Coastal flooding is typically associated with storm surges. Within tropical weather systems, the storm surge is the rising water level that is primarily the result of wind forces pushing water towards the land. During a hurricane, the height of the storm surge is governed by the intensity of the hurricane and the slope of the continental shelf. Storm surges for hurricanes can exceed 25 feet, and are typically accompanied by dangerous, battering waves on top of the surge.

Riverine flooding is the overflow of rivers, streams, drains, and lakes due to excessive rainfall, rapid snow melt, or ice. The flooding occurs when the flow of runoff exceeds the capacity of the natural drainage system. The recurrence interval of the projected flooding event defines the severity of the flood. A 100- year flood is an event that has a 1 percent probability of occurring in a given year, while a 500-year flood has a 0.2 percent probability of occurring in a given year. 

Urban flooding is a phenomenon that occurs where there has been man-made developments within the existing floodplains or drainage areas (e.g., new residential communities, retail establishments, commercial buildings, parking lots, etc). The changes may either increase the amount of runoff or reduce the capacity of the natural drainage channels. The addition of impermeable surfaces (such as asphalt or concrete pavement) increases the speed of drainage collection, overwhelming the drainage system. Changes to the shape, slope, or direction of the natural drainage channels to better suit development may reduce the capacity of the channel. An aspect of urban flooding that is typically not found in “natural flooding” is the potential of subrogation of legal damages against developers that modified the natural or original drainage system. 

How do Floods Damage Structures?

Whether the flooding at a building results from storm surge, riverine flooding, or urban flooding, the physical forces of the floodwaters which act on the structure are generally divided into three load cases.
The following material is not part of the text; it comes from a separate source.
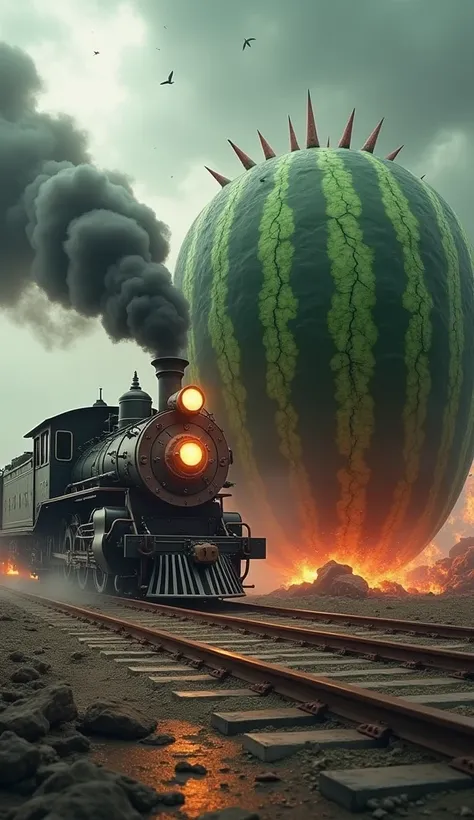 Create a surreal, highly detailed image of a massive train and a giant watermelon locked in a tense standoff, both exuding aggression. The train, a powerful steam engine with glowing headlights, emits dark clouds of smoke, its metallic body gleaming with s...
These load cases are hydrostatic loads, hydrodynamic loads, and impact loads. These load cases can often be exacerbated by the effects of water scouring soil from around and below the foundation. 
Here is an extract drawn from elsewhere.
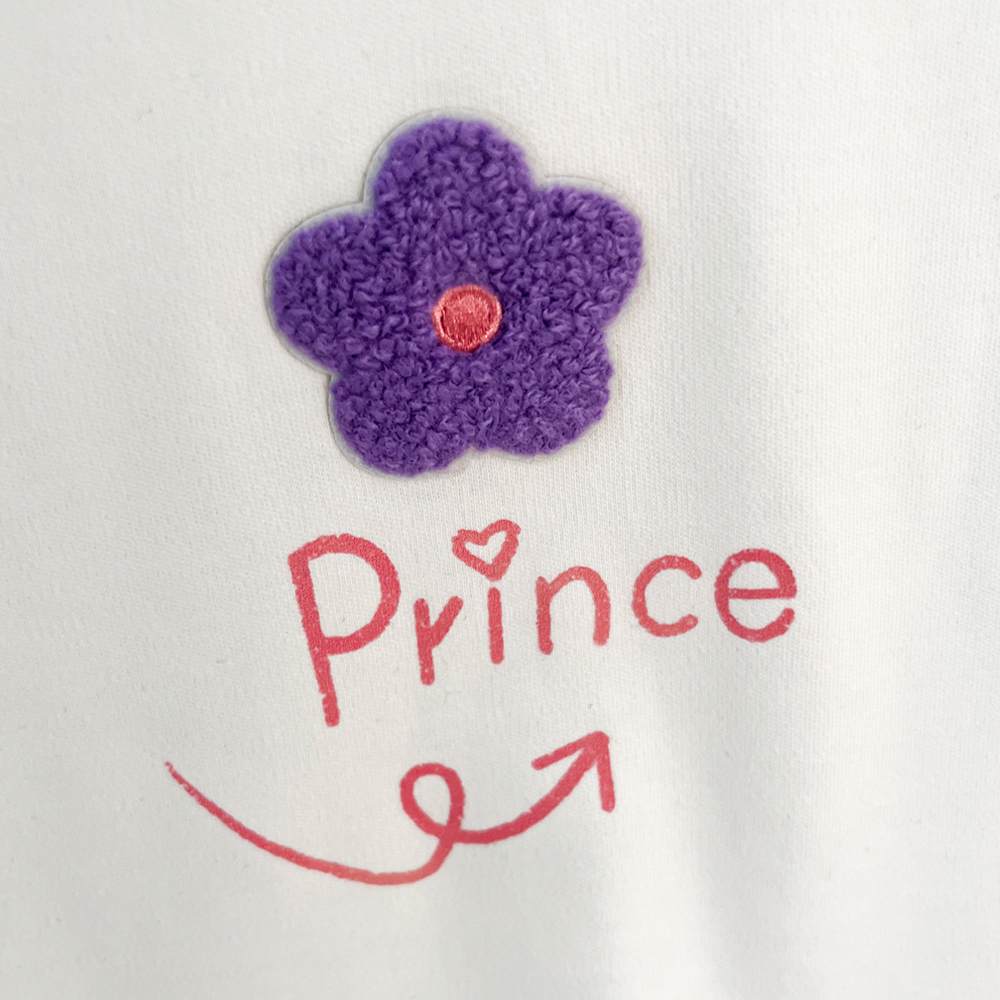 Real Shot Spot High Quality ~ Pure Cotton Shoulder Design Sense Towel Embroidery Flower Graffiti Letter Short Sleeve T-shirt Casual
The hydrostatic loads are both lateral (pressures) and vertical (buoyant) in nature. The lateral forces result from differences in interior and exterior water surface elevations. As the floodwaters rise, the higher water on the exterior of the building acts inward against the walls of the building. Similarly though less common, a rapid drawdown of exterior floodwaters may result in outward pressures on the walls of a building as the retained indoor floodwater tried to escape. 

Sufficient lateral pressures may cause permanent deflections and damage to structural elements within the building. Should a rapid rise or drawdown occur at a building that is relatively tightly constructed, there may be enough elevation difference between the interior and exterior water surfaces to damage the walls or foundation of the building. The lateral pressure associated with floodwaters is approximately 62 to 64 pounds per square foot for every foot of differential. So, if the outside water were to reach two feet above the floor of a building before any significant amount of water leaked into the building, the lower section of the wall would experience a maximum inward pressure of 128 pounds per square foot. However, once the water reaches the same level on the inside as the outside, this force is eliminated. So, in a “leaky” building there would be a low potential for damage in this manner. However, a problem sometimes is encountered when the rapid drawdown of basement water occurs due to mechanical means following a flood. On occasion, a local fire department or the nation guard unit, in an effort to be helpful, has used high capacity pumps to empty basements of floodwaters. A problem can occur if the soils near the property remained saturated. The lateral pressures associated with the saturated soils can possibly exceed the structural capacity of the basement walls. The result may be an inward collapse of the basement wall itself. 

The buoyant forces are the vertical uplift of the structure due to the displacement of water, just as a boat displaces water causing it to float. These uplift forces may be the result of the actual building materials (the floating nature of wood products), or due to air on the interior of a tightly built structure. When the buoyant forces associated with the flood exceed the weight of the building components and the connections to the foundation system, the structure may float from its foundation. In a pier-and-beam or crawlspace foundation where there are few or no mechanical connections between the floor system and foundation, this would be most likely to occur. With interior-exterior water surface differentials of as little as one foot, a typical wood-framed residence can be lifted from its foundation. While it is unlikely that floating of a basement foundation would occur, buoyant forces can again become a problem when the basement is pumped and the soils remain saturated. The saturated soils below the floor of the basement can produce buoyancy pressure that acts upward on the basement floor system, and may induce cracking and movement of this floor. 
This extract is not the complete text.